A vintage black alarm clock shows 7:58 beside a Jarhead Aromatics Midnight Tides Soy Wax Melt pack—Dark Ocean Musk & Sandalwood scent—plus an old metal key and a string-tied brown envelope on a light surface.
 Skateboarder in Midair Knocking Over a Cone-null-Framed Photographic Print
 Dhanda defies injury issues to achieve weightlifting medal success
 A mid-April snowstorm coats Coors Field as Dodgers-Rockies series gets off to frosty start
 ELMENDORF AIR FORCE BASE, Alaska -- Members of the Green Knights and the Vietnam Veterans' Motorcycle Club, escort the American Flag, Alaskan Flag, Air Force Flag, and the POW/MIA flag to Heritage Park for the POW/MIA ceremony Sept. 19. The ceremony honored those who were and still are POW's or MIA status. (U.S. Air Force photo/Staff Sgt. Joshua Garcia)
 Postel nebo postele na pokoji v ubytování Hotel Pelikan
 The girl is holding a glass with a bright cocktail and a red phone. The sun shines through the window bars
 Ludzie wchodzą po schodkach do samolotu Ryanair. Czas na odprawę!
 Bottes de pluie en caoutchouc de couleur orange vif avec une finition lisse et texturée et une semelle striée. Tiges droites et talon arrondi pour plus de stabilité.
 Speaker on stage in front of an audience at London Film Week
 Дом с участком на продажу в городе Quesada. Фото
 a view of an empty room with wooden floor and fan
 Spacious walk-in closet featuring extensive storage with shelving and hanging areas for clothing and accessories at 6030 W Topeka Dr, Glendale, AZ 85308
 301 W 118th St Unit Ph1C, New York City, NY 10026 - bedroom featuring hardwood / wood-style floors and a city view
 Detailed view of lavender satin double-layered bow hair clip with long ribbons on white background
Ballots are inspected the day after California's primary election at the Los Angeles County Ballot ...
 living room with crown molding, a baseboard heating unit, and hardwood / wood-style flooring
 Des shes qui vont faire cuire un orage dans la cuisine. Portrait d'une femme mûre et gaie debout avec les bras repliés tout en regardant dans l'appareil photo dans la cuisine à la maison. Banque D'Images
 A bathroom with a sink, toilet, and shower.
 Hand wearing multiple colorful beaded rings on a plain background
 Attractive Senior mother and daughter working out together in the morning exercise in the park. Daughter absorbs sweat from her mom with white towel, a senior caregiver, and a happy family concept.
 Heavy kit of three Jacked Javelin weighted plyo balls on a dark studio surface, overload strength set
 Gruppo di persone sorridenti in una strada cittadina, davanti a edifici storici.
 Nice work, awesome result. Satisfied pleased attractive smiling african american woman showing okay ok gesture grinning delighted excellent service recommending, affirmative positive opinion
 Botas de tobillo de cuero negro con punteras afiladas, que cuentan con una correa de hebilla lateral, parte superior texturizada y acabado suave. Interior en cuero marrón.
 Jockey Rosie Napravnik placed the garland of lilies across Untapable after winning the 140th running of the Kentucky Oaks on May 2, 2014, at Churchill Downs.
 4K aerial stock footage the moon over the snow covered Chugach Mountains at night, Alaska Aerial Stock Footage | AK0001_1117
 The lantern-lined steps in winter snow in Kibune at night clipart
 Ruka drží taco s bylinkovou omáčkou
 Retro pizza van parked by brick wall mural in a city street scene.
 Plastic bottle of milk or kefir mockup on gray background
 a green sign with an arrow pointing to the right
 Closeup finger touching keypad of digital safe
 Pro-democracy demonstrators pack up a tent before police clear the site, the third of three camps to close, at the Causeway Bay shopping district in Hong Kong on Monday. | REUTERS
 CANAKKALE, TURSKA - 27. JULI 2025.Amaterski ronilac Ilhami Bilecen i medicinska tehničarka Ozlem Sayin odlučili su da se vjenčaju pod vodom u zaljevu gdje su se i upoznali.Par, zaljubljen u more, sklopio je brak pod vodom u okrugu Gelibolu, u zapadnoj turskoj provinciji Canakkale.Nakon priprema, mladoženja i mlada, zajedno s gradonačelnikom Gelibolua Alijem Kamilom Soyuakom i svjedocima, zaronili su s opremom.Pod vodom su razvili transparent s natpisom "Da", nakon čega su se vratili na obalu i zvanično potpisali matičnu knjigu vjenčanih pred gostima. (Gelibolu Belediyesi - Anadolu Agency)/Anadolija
= = = = =
WHAT YOU WILL DO.
Go over the listing above and return each line with "three".

EXERCISE RESULT.
 Heavy kit of three Jacked Javelin weighted plyo balls on a dark studio surface, overload strength set
 Pro-democracy demonstrators pack up a tent before police clear the site, the third of three camps to close, at the Causeway Bay shopping district in Hong Kong on Monday. | REUTERS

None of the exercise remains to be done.